To hear Trey tell it, what has saved him, what has allowed him to reach this point in his life, is that he will talk about his feelings now. Immediately after Zach died, Ball State brought in a sports psychologist to speak with the team. They gave him a list of every single thing that he would go through in the coming days, months, years. He sent that list to everyone he knew, everyone he loved.

This is what I’m going to be dealing with. This is what you can expect. Thank you for helping me on this journey.
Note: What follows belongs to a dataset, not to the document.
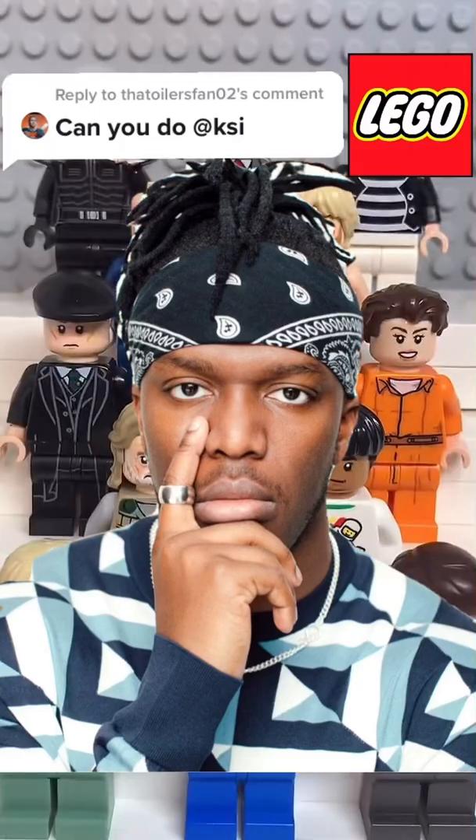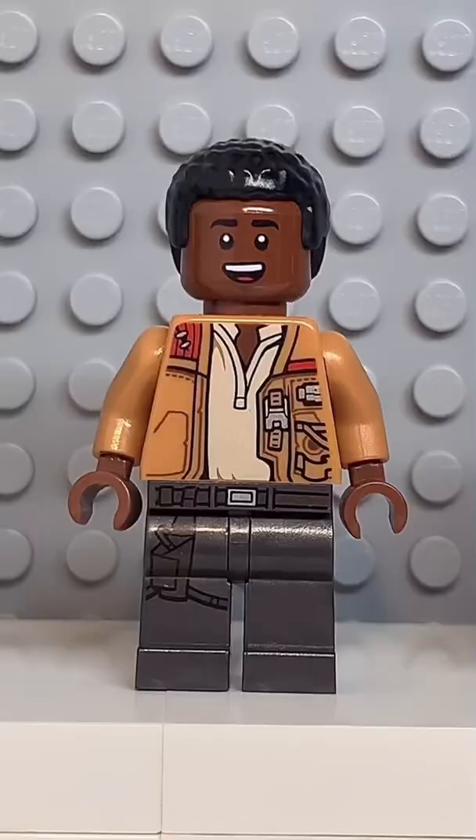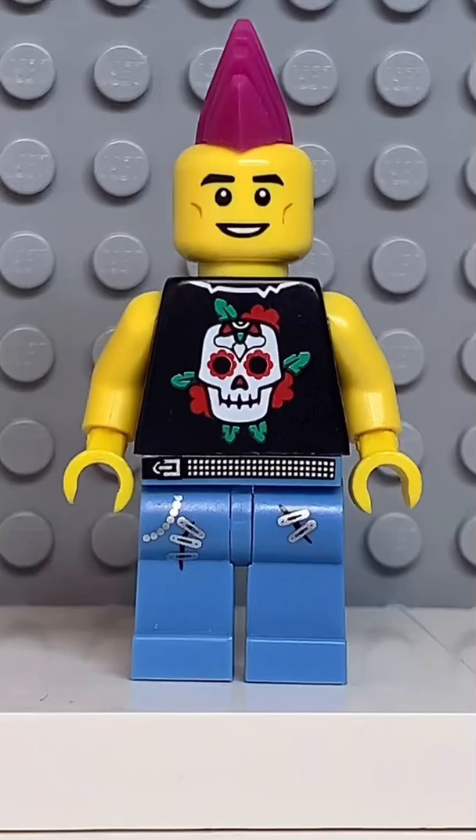Here's how to make a custom Lego KSI. Starting at the top, you're going to use the bottom of this mask for his bandana. Then you're going to use the face and hands from Finn, followed by the torso from this guy here. And finally, you're going to get the legs from this rocker.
“I missed it when Trey was growing up. I had no idea that he dealt with depression like he did,” Shelly said. “People always tell me, ‘you’re a great mom,’ but I look now, and I wasn’t. Because he didn’t think that he could talk to me.”

That’s changed.

Trey reaches out now, and Shelly goes out of her way to make herself available. She’ll check in on him at 1 a.m. if he makes a sad post on Twitter or Instagram. Now that she knows what to look for she can tell instantly when he’s struggling with something. His smile isn’t there. His attitude changes. He’s not as focused. But those moments are gradually getting less common.
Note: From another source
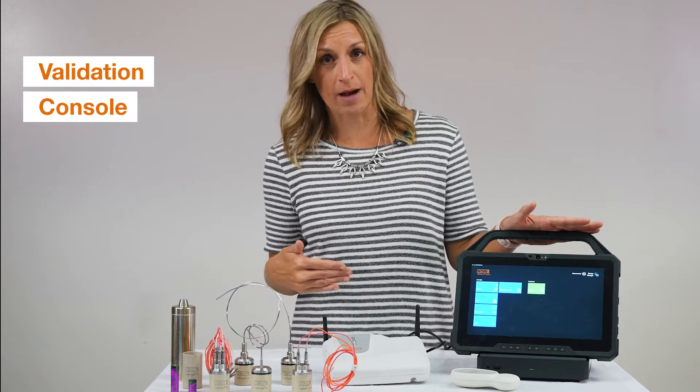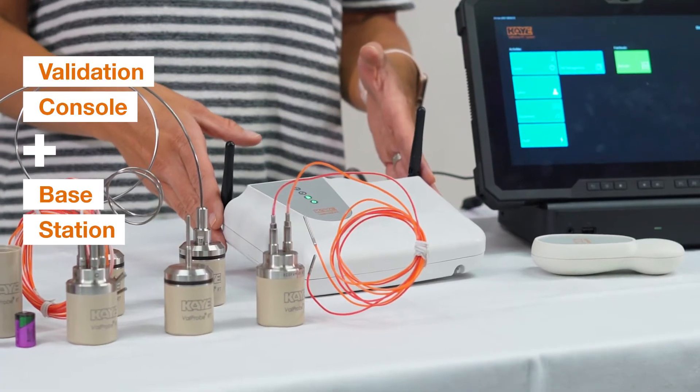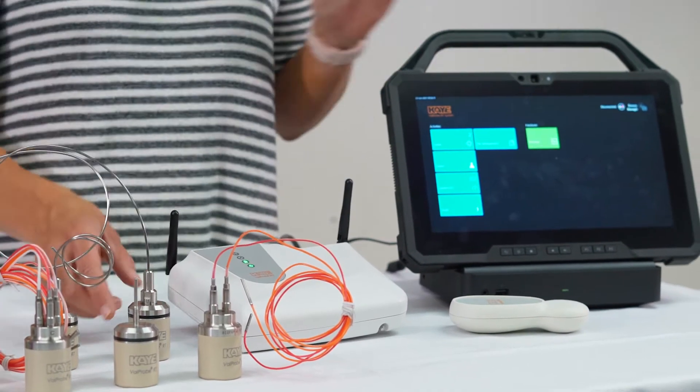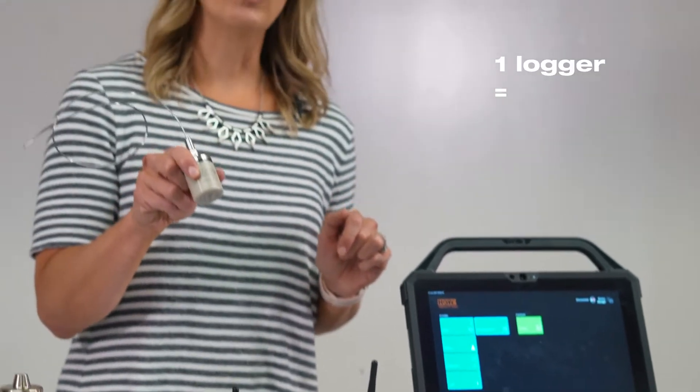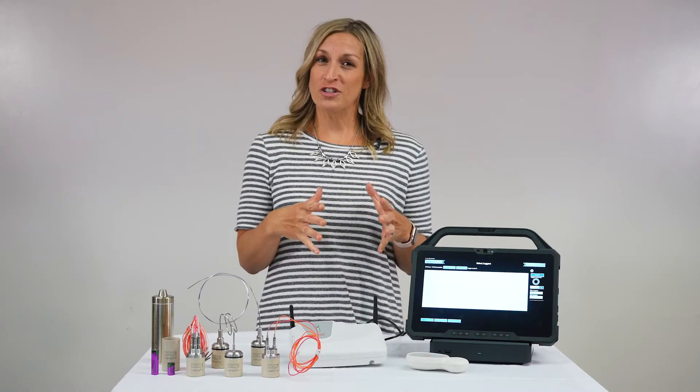As you can see here, the system consists of our validation console — the tablet that comes core-loaded with the real-time software — and a base station, which handles communication from the loggers to the software. Each individual logger holds 100,000 samples and has a nice peak material that gives a great RF signal.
“He wants to do stuff now,” Shelly said. “He used to come home and just sit around.”

It’s been a long road getting to this point. Going into the locker room they used to share every day never got easier. Learning that different people cope in different ways was tough, too. It was hard for Trey to initially understand how his teammates could keep playing basketball after Zach was gone, but he gets it now. People grieve in different ways. It was hard for him to play this season, when so many new faces on the Ball State roster didn’t know Zach, but just because their season wasn’t dedicated to him didn’t mean that Trey couldn’t play for his best friend.

And there were always reminders of the good times. Trey changed his number from 41 to Zach’s 24. He and Shelly then went and got matching 241 — 24 to 41 — tattoos.
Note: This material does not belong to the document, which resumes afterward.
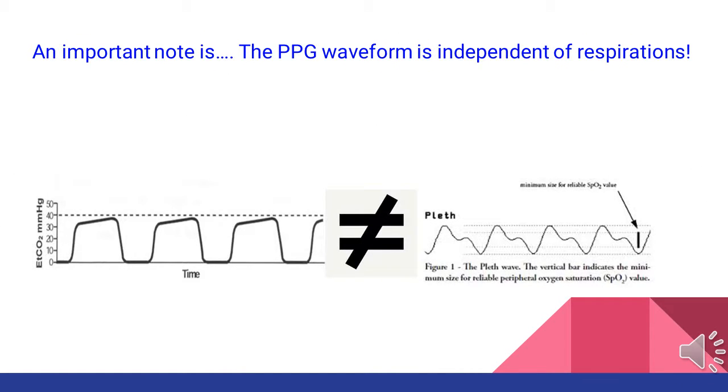Something I wanted to stress is that the pleth is completely independent from respirations. If you stop breathing, your pleth will remain normal and unchanged until you start having compromise, whereas your waveform capnography will stop because you have stopped exhaling. We will make this more apparent in a video demonstration later in the presentation.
241 is the exit off the highway that Shelly takes to get to Ball State

But the symbolism is deeper than that.

Two for one.


Courtesy Shelly Moses

There isn’t a day that goes by that Shelly doesn’t worry about her son, but it’s getting easier.

Trey doesn’t want to put the people he loves through what he went through losing Zach.

But there’s more to it than that.

He can’t leave his Best Buddies behind.

Trey’s passion is not basketball. He wants to play professionally — he recently signed with an agent and expects to be in Europe next year — and he’ll do that for as long as he can, but he believes the reason he’s on this Earth is to help people with developmental disabilities.

He’s run basketball camps in Louisville, Indiana and Canada for people with Downs Syndrome. As a high school senior, he went viral when he asked his friend, Ellie, with Downs Syndrome to be his date to the prom. (She said yes.) He had two friends that have become family, Luke and Mickey, walk out for his Senior Night at Ball State with him and his parents. That’s what he will be doing for the rest of his life. Basketball is what gave him the platform.

“It’s rewarding. It gives me a purpose,” Trey said. “These kids are counting on me to be there for them. I don’t want to go into their lives and then suddenly not be there anymore. I just know that my impact on them was more than, ‘Oh that’s a basketball player.'”

They’re family.

Like Zach.

Trey wanted the story to end with this: Zach’s smile was radiant. He lit up a room. The moment that personified that, in Trey’s mind, came the summer before Zach died. That long, lanky white kid from Bourbonnais, Ill., had spent the summer trying to put on muscle. One day after a weights session, Zach told Trey he felt big.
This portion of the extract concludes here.